2015年度中小企業海外展開支援事業―案件化調査―で34件を採択

2016年2月22日

国際協力機構(JICA)は、開発途上国の開発ニーズと日本の中小企業の優れた製品・技術等とのマッチングを進め、これらの製品・技術をODA事業に活用するための情報収集・ODA事業実施後の事業計画立案等を支援する「中小企業海外展開支援事業〜案件化調査〜(以下、「案件化調査」)」を2012年度から実施しています(2012年度、2013年度は外務省委託費事業として実施)。2015年第2回分は昨年9月に公示を行い、審査を経て34件の案件を採択しました(別表:採択案件一覧表参照)。

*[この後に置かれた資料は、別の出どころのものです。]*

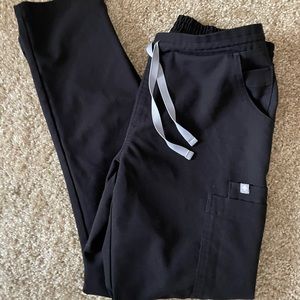 Small Figs Black Yola scrub pants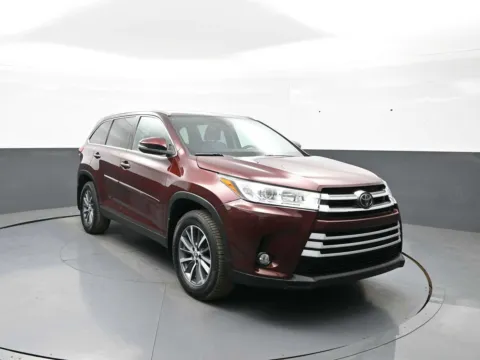 Photos of 2019 Toyota Highlander XLE for sale in Brooklyn, NY at Acura of Brooklyn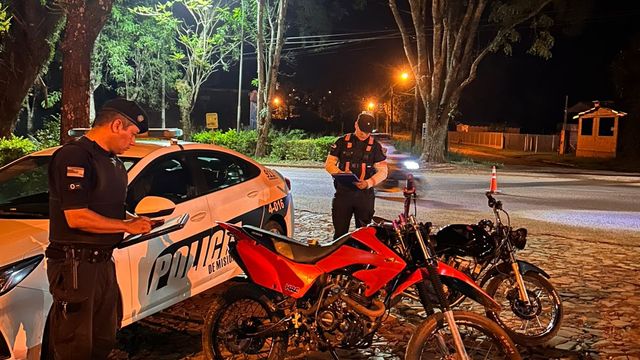 Montecarlo: dos menores fueron demorados tras realizar maniobras peligrosas y les secuestraron las motos.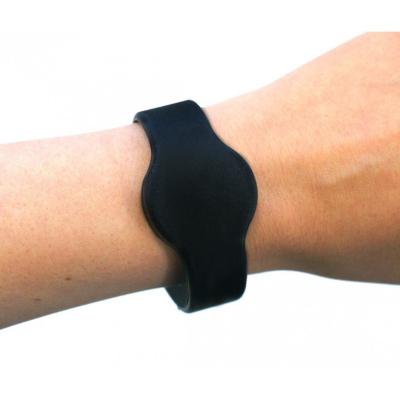 China NFC Large Black RFID Silicone Wristband 13.56 MHz With Screen Printing for sale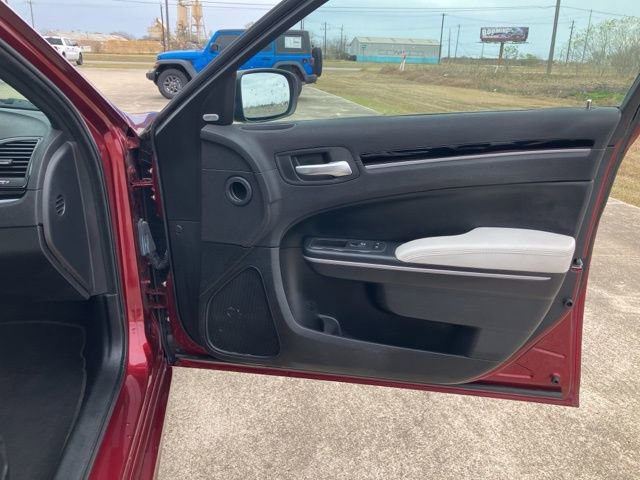 Used 2019 Chrysler 300 S w/ Safetytec Plus Group image 13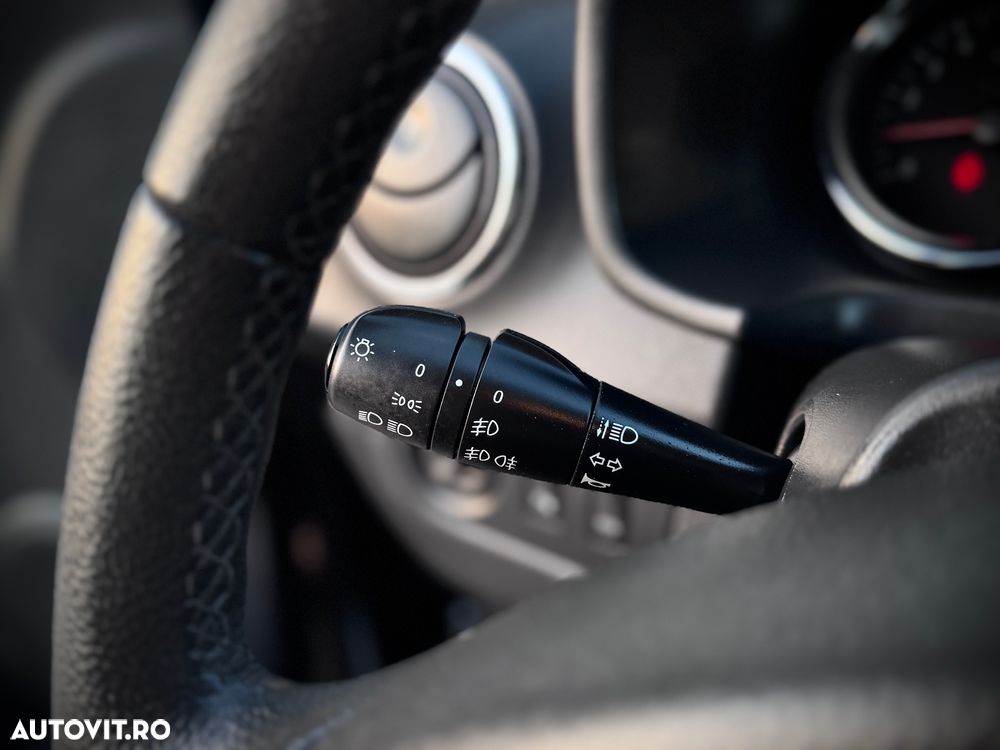 Dacia Logan TCe 90 Prestige - 22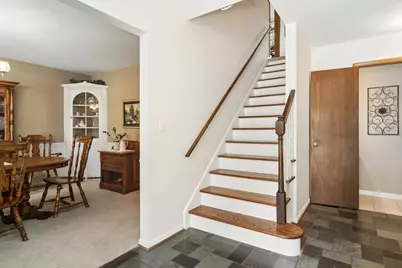 562 E Carpenter Drive, Palatine, IL 60074 - Photo 5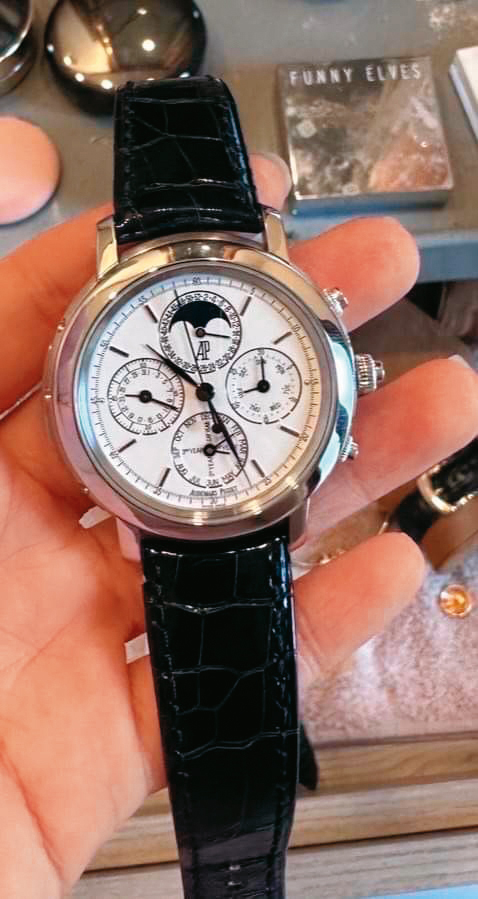要價700多萬元的AP名錶Jules Audemars Grand Complication，竟一度被吳取得並兜售。（圖／讀者提供）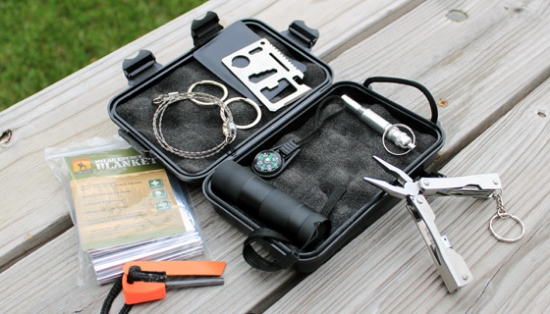 Emergencies happen quickly and without warning and nothing is worse than not being prepared. Now you can stay ahead of trouble and have peace of mind with the  9pc SWAT Survival Kit with Waterproof Case.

案件化調査の審査・採択は、優れた製品・技術等を有する中小企業からの提案について、開発途上国の課題解決への貢献、ODA案件化の可能性、ビジネス展開計画の熟度等の観点から、外部有識者等の審査委員によって行われます。採択された提案については契約交渉を経て提案企業にJICAが調査を委託(上限金額:3,000万円、機材の別送を必要とする場合は5,000万円)します。

今回の募集では、37都道府県に所在する法人より120件の提案が寄せられ、倍率は約3.5倍となりました。関東圏に所在する企業の採択が全体の約2割を占めていますが、北海道や沖縄等、日本全国にも広がっています。

提案地域については、東南アジア・大洋州地域向けの提案への採択が約6割を占めていますが、東・中央アジア、南アジア、アフリカ地域への提案もありました。対象分野については、農業分野、水の浄化・水処理と環境・エネルギー分野での採択が合わせて約半数でした。

JICAは、日本の中小企業が有する優れた製品・技術を活用した開発途上国の開発課題の解決と、これを通じた中小企業の海外展開支援を今後も進めて参ります。

※案件化調査は、中小企業からの提案に基づき、製品・技術を発展途上国の開発へ活用する可能性を検討することを目的とします。